Pagi itu Delta merasa matanya lebih berat dari biasanya. Ada sesuatu yang mengganjal, perasaan yang tidak bisa ia hilangkan meskipun ia sudah mencoba untuk mengabaikannya. Beberapa minggu berlalu sejak percakapan singkat dengan ayahnya yang terasa seperti titik balik dalam hubungan mereka. Namun, meskipun mereka mulai berbicara lagi, ada ketegangan yang belum bisa hilang begitu saja.
Delta tidak tahu apakah ia harus merasa senang atau malah semakin bingung. Ia berusaha untuk menganggap semuanya berjalan normal, tetapi hatinya tetap terasa sepi. Keadaan rumah tidak pernah benar-benar berubah, meskipun ada sedikit cahaya yang mulai masuk. Ayahnya masih seperti dulu—terkadang tampak dekat, tetapi seringkali kembali menjadi sosok yang sulit dijangkau.
Di sekolah, Delta merasa terasing. Ia tidak punya banyak teman. Di mata teman-temannya, ia hanyalah gadis yang pendiam, yang sering kali tampak melamun, yang berjalan sendirian tanpa menghiraukan orang lain. Bahkan guru-gurunya sering memperhatikannya dengan tatapan cemas, seolah khawatir ada sesuatu yang sedang mengganggunya.

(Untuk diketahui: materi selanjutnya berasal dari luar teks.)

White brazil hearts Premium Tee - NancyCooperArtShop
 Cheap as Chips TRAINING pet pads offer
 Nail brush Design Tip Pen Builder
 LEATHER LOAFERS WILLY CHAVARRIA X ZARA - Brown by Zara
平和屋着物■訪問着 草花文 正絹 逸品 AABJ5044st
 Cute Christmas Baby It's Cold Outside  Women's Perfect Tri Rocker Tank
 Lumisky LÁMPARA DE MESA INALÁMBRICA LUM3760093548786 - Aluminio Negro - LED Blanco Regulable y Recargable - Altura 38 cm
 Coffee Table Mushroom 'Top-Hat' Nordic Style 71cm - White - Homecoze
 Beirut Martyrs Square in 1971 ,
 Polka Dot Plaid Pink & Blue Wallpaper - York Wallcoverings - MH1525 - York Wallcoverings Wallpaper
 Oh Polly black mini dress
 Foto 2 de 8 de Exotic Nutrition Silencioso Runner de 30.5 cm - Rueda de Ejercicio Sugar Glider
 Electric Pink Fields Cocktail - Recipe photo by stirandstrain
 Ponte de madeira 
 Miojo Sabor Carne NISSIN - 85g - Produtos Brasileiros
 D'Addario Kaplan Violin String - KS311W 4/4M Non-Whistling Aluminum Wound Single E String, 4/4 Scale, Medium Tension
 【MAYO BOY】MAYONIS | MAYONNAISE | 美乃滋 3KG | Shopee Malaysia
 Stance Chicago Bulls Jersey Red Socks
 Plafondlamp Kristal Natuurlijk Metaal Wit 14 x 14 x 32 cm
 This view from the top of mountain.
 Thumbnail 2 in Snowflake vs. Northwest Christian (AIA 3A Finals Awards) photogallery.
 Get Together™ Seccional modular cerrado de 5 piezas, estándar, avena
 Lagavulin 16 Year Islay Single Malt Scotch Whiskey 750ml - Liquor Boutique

Namun, ada satu tempat yang selalu memberi sedikit kedamaian dalam kepalanya—perpustakaan. Setiap hari setelah sekolah, ia akan berlama-lama di sana. Buku-buku menjadi teman terbaiknya, lebih setia daripada apapun yang pernah ia temui. Delta sering menemukan dirinya tenggelam dalam dunia imajinasi yang jauh lebih cerah daripada dunia kenyataannya.
Hari itu, seperti biasa, Delta menuju perpustakaan sekolah setelah pelajaran terakhir. Ia tidak ingin kembali ke rumah terlalu cepat. Menurutnya, semakin lama ia berada di rumah, semakin banyak ia dihadapkan pada kenyataan yang sulit untuk diterima.
Ketika ia memasuki perpustakaan, ia melihat seorang siswa lain yang sedang duduk di meja pojok, tampak tenggelam dalam buku tebal yang ada di depannya. Delta tidak peduli siapa dia. Ia hanya ingin mencari sudut yang nyaman untuk duduk dan membuka buku yang sudah lama ia incar.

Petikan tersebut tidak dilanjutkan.